In an exclusive interview with the Evening Standard, the former Brexit Secretary said only French president Emmanuel Macron is taking a harder line against the UK. “Other than Macron, Merkel is the most emphatic in Europe about us not being seen to succeed,” he said.
Theresa May should not see Mrs Merkel as a “champion” ready to salvage a good future trade deal for the UK at the eleventh hour in the face of French opposition, Mr Davis continued. He added that the Brexit turmoil was likely to get even “tougher” for the Prime Minister.
He spoke out as Mrs May prepared to head to the annual Conservative Party conference in Birmingham, where she will have to convince members to back her Chequers Brexit blueprint after it was savaged by Brussels, Right-wingers and even some centrist MPs.
Mr Davis lambasted French Brexit policy as being driven by “daft” and “hysterically wrong” views on Britain. He also hit back at Mr Macron after the French president effectively branded him a liar at the Salzburg summit earlier this month, when EU leaders tore into the Chequers plan.
Mr Macron said: “Brexit has shown us one thing … it has demonstrated that those who said you can easily do without Europe, that it will all go very well … are liars.” Mr Davis retorted: “It’s not the mark of a great man to throw insults around.”
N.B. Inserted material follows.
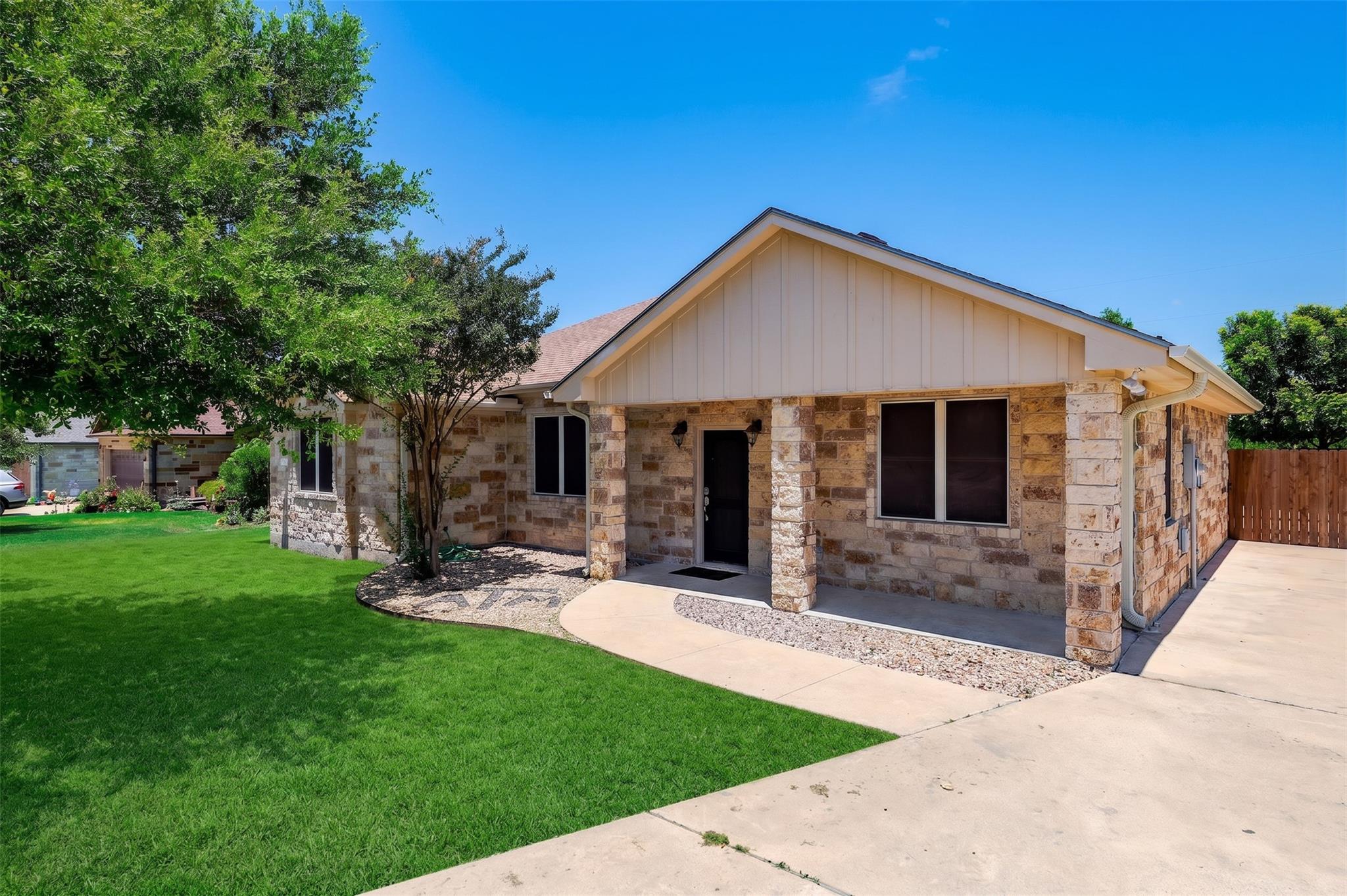 100 Magan, Jarrell, TX 76537 — photo 1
While Mr Macron has publicly taken a hard line on Brexit, Mrs Merkel’s position has been less clear, and there have been occasional signs from Berlin of a possibly more flexible approach.
But Mr Davis, who just months ago had a key role in the negotiations before he quit over the Chequers plan, said: “I don’t think Merkel was ever really going to be our champion, ever, ever … neither Macron, nor Merkel.” His views highlighted the difficulties facing Britain to get a good Brexit deal, due to be struck at a special summit in November, because the Franco-German axis is so critical to decision-making in the EU.
The former Cabinet minister believes Mrs Merkel and Mr Macron will come under growing pressure from regional leaders and business at home to strike a deal — but Brussels sources downplay the likely impact of this factor.
In the interview, Mr Davis:
Accused France of trying to use Brexit to “raid” the UK economy.
Said he believes the Prime Minister has to show the Tory conference, starting on Sunday, that she is “tough enough to stand up” to Brussels.
Stressed the UK needs some “specifics” on a future trade deal by March rather than a “woolly” offer.
Branded the Salzburg summit a “collective cock-up … on both sides”.
Warned of more Brexit turmoil ahead, stressing it is “tough now but it will get tougher”.
Revealed he does not know if his father is alive, having met him only once after being born to a single mother.
Mr Davis pointed the finger firmly at Paris for making Brexit “difficult”, saying that France was “playing hardball”, with three “strong elements” driving its policy.
“Number one, they are the most committed to the, ‘you cannot be seen to succeed argument because it will encourage other people’,” he said.
“It’s a daft argument, frankly. There is nobody like us, in truth, nobody has the upside we have, the upside of the rest of the world.
“The second reason is a very, very narrow French one of trying, as it were, to raid our economy to get businesses to go to France.
“Best demonstrator of that is the special tax deals they have given to some hedge fund people and other big earners in the City … at least one person whose salary last year was hundreds of millions and who paid no tax on it because he’s based in Paris now.
“The third one is there is a long-term French view of what they think of us as deregulatory ‘Wild West’ Anglo-Saxon approach to economics and somehow we are going to out-compete them by cutting everything, cutting taxes, cutting regulations and so on … it’s hysterically wrong.”
Mr Davis added: “At Salzburg, which was a sort of collective cock-up, really, on both sides, the people who would have been supportive of us, if they had been, wouldn’t have been France and Germany.”
The European Commission will be “as tough as nails” until there comes a point when the 27 other EU member states start to think “our interest is now at risk”, he predicted.
Mr Davis expects the Brexit talks to “go the distance”, with any trade deal being clinched only at the last minute.